I explained it to him, though it looked like he was having trouble accepting my words. Maybe I lacked credibility. “But I figured he would have moved by now.”

“Crooks are funny that way,” he agreed. “No respect.”

I scrunched up my face in thought. I was hungry, thirsty, tired, hurting, and I had to use the bathroom in the worst way. None of those things were going to become easier to bear as the night went on, and I needed to have all the concentration I could get.

“Okay,” I said. “Be smart. Take a break.” I leaned down and broke the circle by sweeping the sand aside with my hand, letting the energy of the spell I’d been holding ready drain away. At least I’d already done it once. Getting it back into position wouldn’t take nearly as long as the first time.

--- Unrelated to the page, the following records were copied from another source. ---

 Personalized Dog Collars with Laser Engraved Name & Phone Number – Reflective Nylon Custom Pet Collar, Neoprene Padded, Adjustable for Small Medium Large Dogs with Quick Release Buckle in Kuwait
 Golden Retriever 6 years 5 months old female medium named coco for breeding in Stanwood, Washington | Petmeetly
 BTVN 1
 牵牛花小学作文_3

I tried to rise, but my legs were incommunicado. I grimaced at Rawlins and said, “Give me a hand here?”

He set his candle aside and helped me up. I wobbled precariously for a couple of seconds, but then stumbled to the bathroom and back out.

“You okay?” he asked.

“I’m good. Tell Murphy to hold steady.”

Rawlins nodded. “We’ll be downstairs.” He paused and said, “Hope this happens soon. There’s some kind of costume contest going on.”

“Is it bad?”

“There are a lot of skimpy getups, and some of those people should not be wearing them.”

“Call the fashion police,” I said.

Rawlins nodded gravely. “They’ve crossed a line.”

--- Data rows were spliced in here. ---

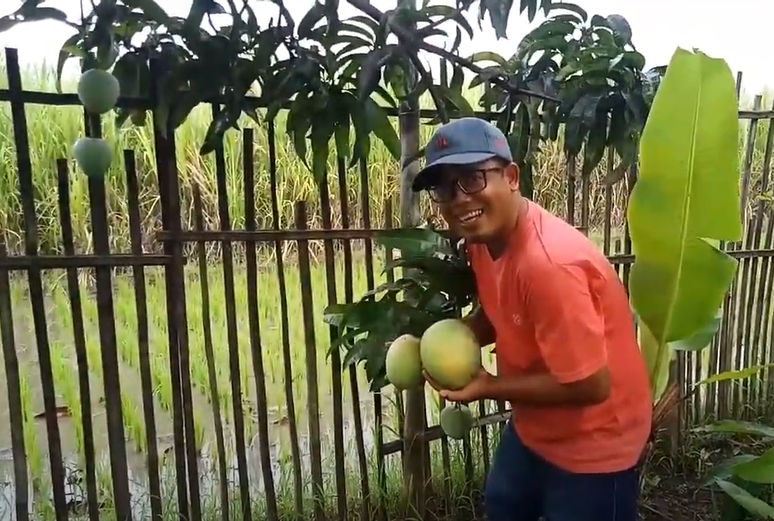 Tanaman buah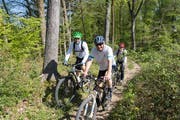 Biker im Wald: Im Bild sind Mountainbiker auf einem für sie freigegebenen Weg, also legal unterwegs. (Bild: Olivia Hug - 25. April 2014)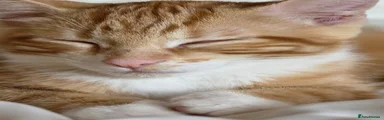 Domestic Shorthair 4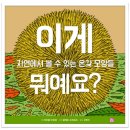 [머스트비 신간] 이게 뭐예요? 이미지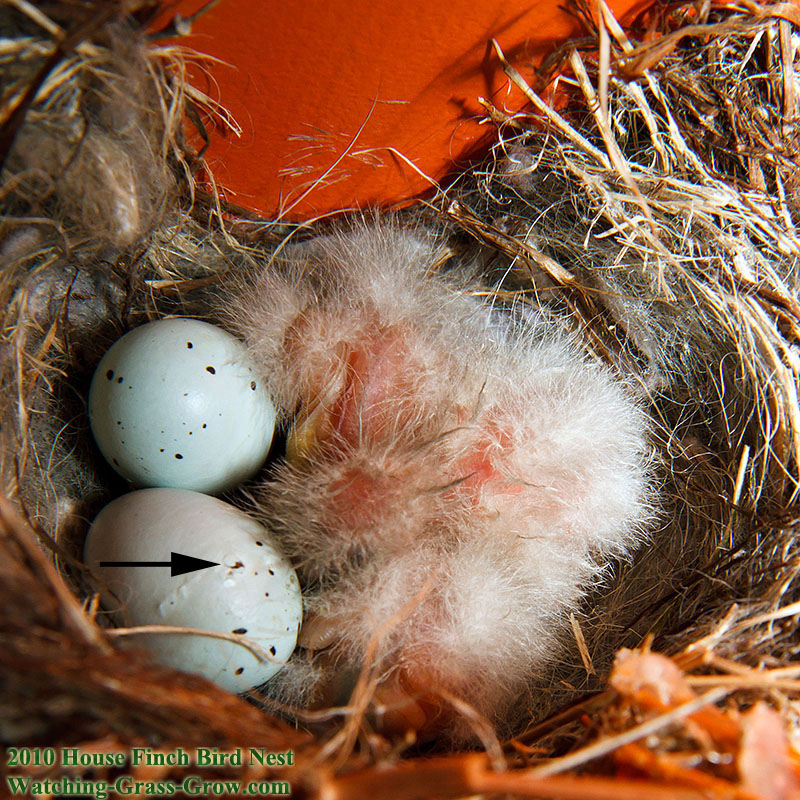 house finch egg about to break april 29th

“Do me a favor?” I asked him. “Take Mouse out for a walk?” I dug a couple of bills from my back pocket and passed them to Rawlins. “Maybe get him a hot dog or something?”

“Sure,” Rawlins agreed. “I like dogs.”

The dog’s tail thumped rapidly against the wall.

“Whatever you do, don’t give him nachos. I didn’t bring my gas mask with me.”

Rawlins nodded. “Sure.”

“Keep your eyes open,” I said. “Tell Murph I’ll be reset in a couple of minutes.”

Rawlins grunted and left.

I had a canteen of fruit punch in my backpack, along with some beef jerky and some chocolate. I went to the bag and started wolfing down all three while pacing back and forth to stretch my legs. Holding myself ready to strike had been more than simply a physical strain. My head felt like someone had packed it in wool, while at the same time my senses seemed slighdy distorted; edges made sharper, curves more ambiguous, the whole combining to make the hotel room feel like a toned-down Escher painting. There was no help for that. The use of magic was mostly in the mind, and holding a spell together for a long time often triggered disconcerting side effects.

I polished off the food as fast as I could gulp it down, went easy on the drink, in case I was there for another several hours, and settled back down in my circle, preparing to close it again.

When the room’s phone rang.

“Deja vu,” I commented to the empty room. I stood up, my knees creaking, and went to the phone.

“Dresden Taxidermy,” I said. “You snuff it, we’ll stuff it.”

There was a beat of startled silence from the phone, and then a young man’s voice said, “Urn. Is this Harry Dresden?”

I recognized the voice-Boyfriend Nelson. That made my ears perk up, metaphorically speaking. “Yeah, this is him,” I said.

“This is…”

“I know who it is,” I told him. “How did you know where I was?”

“Sandra,” he said. “I called her cell. She told me you’d checked in.”

“Uh-huh. Why are you calling me?”

“Molly said… she said you helped people.” He paused to take a breath, and then said, “I think I need your help. Again.”

“Why?” I asked. Keep the questions open, I thought. Never give him one with a simple answer. “What’s going on?”

“Last night, during the attacks. I think I saw something.”

I sighed. “It was going around,” I agreed. “But if you saw something, you’re a witness to a crime, kid. You need to show up and work with the cops. They get sort of unreasonable with people who go all evasive when they want to ask questions about a murder.”

“But I think some… thing is following me,” he said. An unsteady tremor shook Nelson’s voice. “Look, they’re just cops, man. They just have guns. I don’t think they can help me. I hope you can.”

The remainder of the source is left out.